Chg = 90. Because ch ⊥ AP = > ∠CHP=∠CHG+∠GHP=90。 Therefore, it is necessary to prove that ∠CHE=∠GHP, because AC is perpendicular to PD and CH is perpendicular to AP, so ∠ACH=∠CPA. In fact, we have to prove: △ car ∽△HPG. To prove that these two triangles are similar, only one set of diagonal is equal, and we just need to find the edge, so CH/PH=CE/PG must be established.
From known to unknown:
certificate
PB= 1/2AB, if p is the tangent of circle o, then: PDXPD=PBXPA=3POXPO/4. ∠CDP=90, we get: pd/po = ∠ 3/2. So: CPA = 30. ∠DCP =∞。 So ∠BEP=∠GPE, plus male ***∠PGA. Get △PFG∽△PAG, then, PGXPG=FGXAG. Because GD is tangent, so: GDXGD=FGXAG, so PG=DG. PB=BO=BD, so BG⊥PD. So, the quadrilateral BGCE is rectangular. So CE=BG. Because two right triangles, △PHC∽△PBG, CH/PH=BG/PG, because CE=BG. So CH/PH=CE/PG, so add: ∠ACH=∠CPA to get: △CHE∽△HPG, so ∠CHE=∠GHP because ch ⊥ AP = > ∠CHP=∠CHG+∠GHP=90。 So ∞∠EHG =∞.

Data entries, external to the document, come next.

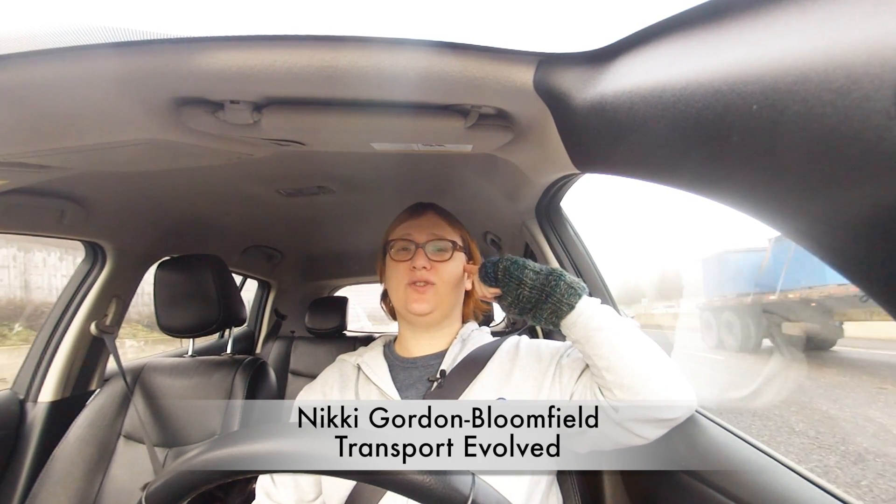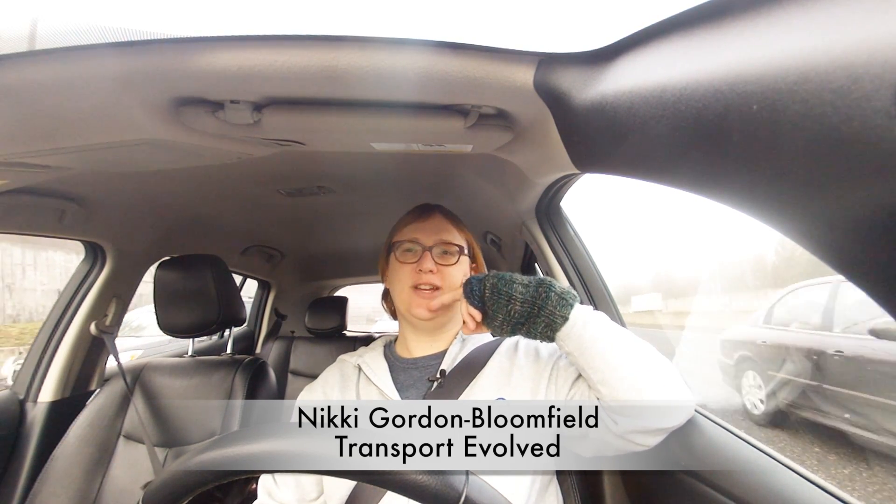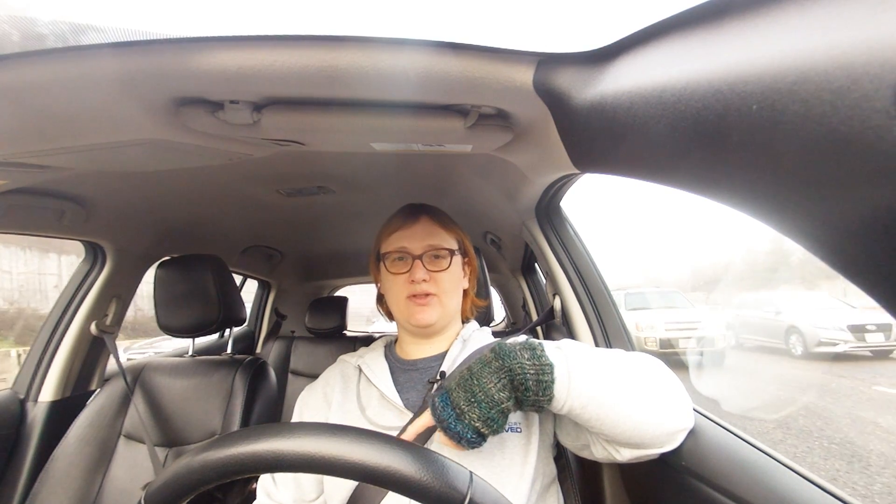Hello everyone, it's Nikki Gordon-Bloomfield here from Transport Evolved. I'm stuck in traffic here on the west side of Portland, Oregon. We're on our way to get Pepper his weekly hydrotherapy. Fingers crossed this will be the last week where we have to go every week.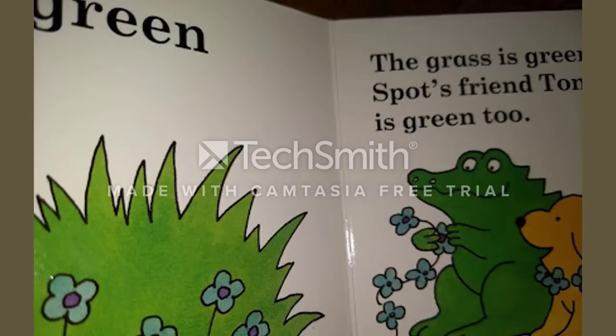Green. The grass is green. Spot's friend Tom is green too.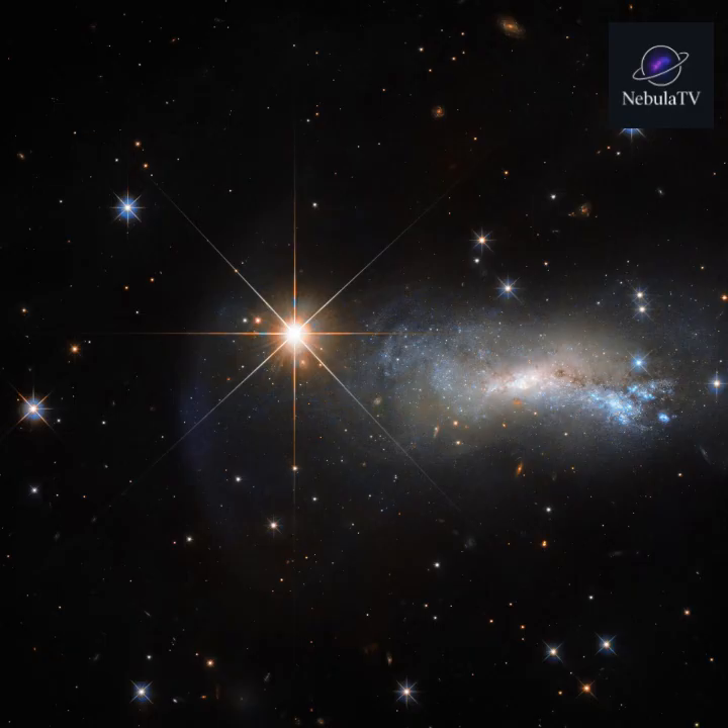Next comes the main sequence phase, where stars spend most of their lives. Our sun is currently in this stage. During this time, hydrogen atoms fuse into helium in the star's core, producing enormous amounts of energy and light. A star in this stage is stable, glowing steadily for millions or even billions of years.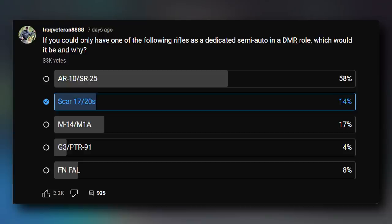Over 33,000 votes — what a great pool of data. The poll asked: if you could only have one of the following rifles as a dedicated semi-auto in a DMR role, what would it be and why? A DMR — designated marksman rifle — is usually something like a 7.62 or 6.5 or long-action large platform. Our choices were the AR-10/SR-25, the SCAR-17/20S, the M14/M1A, the G3/PTR-91, and the FN-FAL.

Cut +∠CHG=∠CHG+∠GHP=90. Therefore, it is proved that EH is vertical to GH.
If you don't understand, you can ask questions, and some places are too simple to be omitted, such as projective theorem. . Equal circle angle and fox, tangent theorem.